These pages provide a repository of the numerous association measures that have been suggested and used over the past decades. For each measure, an explicit equation is given in terms of observed and expected frequencies (see below), which can easily be translated into a computer program (while the equations in the original publications are often cryptic or incomplete). In addition, the text provides some background information and references (when available).

Section 1 introduces cooccurrence frequency data, some notation, and a statistical random sample model on which many association measures are based. The individual measures are grouped according to their theoretical motivation and are presented in Sections 2 through 8. This page provides a table of contents with direct links to the sections. A list of association measures is given for each section, so it is easy to locate information about a specific measure.

Implementations of all association measures in this repository are available in the UCS toolkit, which can be downloaded from the software page.
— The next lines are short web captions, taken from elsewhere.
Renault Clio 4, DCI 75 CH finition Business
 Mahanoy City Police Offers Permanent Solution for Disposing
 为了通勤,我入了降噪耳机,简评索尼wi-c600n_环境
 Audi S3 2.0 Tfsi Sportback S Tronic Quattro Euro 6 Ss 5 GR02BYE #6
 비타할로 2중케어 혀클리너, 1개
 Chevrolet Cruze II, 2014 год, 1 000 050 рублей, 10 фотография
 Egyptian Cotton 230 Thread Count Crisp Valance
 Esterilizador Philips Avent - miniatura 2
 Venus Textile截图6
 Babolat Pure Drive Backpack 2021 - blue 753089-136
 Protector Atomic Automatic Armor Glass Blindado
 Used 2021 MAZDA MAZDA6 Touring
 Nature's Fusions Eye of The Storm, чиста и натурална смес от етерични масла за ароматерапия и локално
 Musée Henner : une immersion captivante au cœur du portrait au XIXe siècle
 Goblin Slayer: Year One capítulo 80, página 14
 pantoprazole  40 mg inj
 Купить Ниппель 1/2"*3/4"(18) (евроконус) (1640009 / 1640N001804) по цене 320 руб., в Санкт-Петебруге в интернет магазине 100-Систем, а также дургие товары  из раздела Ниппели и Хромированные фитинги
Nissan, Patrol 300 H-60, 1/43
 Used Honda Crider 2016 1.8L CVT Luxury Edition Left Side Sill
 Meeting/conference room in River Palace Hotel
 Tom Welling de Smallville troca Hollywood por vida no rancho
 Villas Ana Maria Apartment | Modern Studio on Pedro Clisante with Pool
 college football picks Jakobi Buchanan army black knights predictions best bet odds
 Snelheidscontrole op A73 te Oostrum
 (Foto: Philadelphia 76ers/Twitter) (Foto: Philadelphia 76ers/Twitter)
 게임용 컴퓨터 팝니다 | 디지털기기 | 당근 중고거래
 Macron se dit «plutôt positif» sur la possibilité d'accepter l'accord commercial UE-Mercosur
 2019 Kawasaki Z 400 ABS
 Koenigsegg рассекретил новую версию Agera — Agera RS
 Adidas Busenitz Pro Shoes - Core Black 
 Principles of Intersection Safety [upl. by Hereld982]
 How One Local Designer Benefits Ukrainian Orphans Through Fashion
1   A statistical model of cooccurrences

Cooccurrence frequency data for a word pair (u,v) are often organised in a contingency table, which results from a cross-classification of the pair tokens (= instances of cooccurrences) extracted from a corpus. Tokens whose first component belongs to type u are assigned to the first row of the table, and tokens whose second component belongs to type v are assigned to the first column. The cell counts of this contingency table are called the observed frequencies O11, ..., O22 (see the right panel below).

Contingency tables of expected and observed frequencies

The sum of all four observed frequencies (called the sample size N) is equal to the total number of pair tokens extracted from the corpus. R1 and R2 are the row totals of the observed contingency table, while C1 and C2 are the corresponding column totals. The row and column totals are also called marginal frequencies, being written in the margins of the table, and O11 is called the joint frequency. Equations for all association measures are given in terms of the observed frequencies, marginal frequencies, and the expected frequencies E11, ..., E22 (under the null hypothesis that u and v are statistically independent). The expected frequencies can easily be computed from the row and column totals as shown in the left panel above.

2   Likelihood measures

multinomial-likelihood, binomial-likelihood, Poisson-likelihood, the Poisson-Stirling approximation, and hypergeometric-likelihood,

3   Exact hypothesis tests

binomial test, Poisson test, Fisher's exact test

4   Asymptotic hypothesis tests

z-score, Yates' continuity correction, t-score (which compares O11 and E11 as random variates), Pearson's chi-squared test, Dunning's log-likelihood (a likelihood ratio test),

5   Point estimates of association strength

MI (mutual information, mu-value), logarithmic odds-ratio logarithmic relative-risk, Liddell's difference of proportions, MS (minimum sensitivity), gmean (geometric mean) coefficient, Dice coefficient (aka. "mutual expectation"), Jaccard coefficient,

6   Conservative estimates of association strength

MIconf (a confidence-interval estimate for the mu-value)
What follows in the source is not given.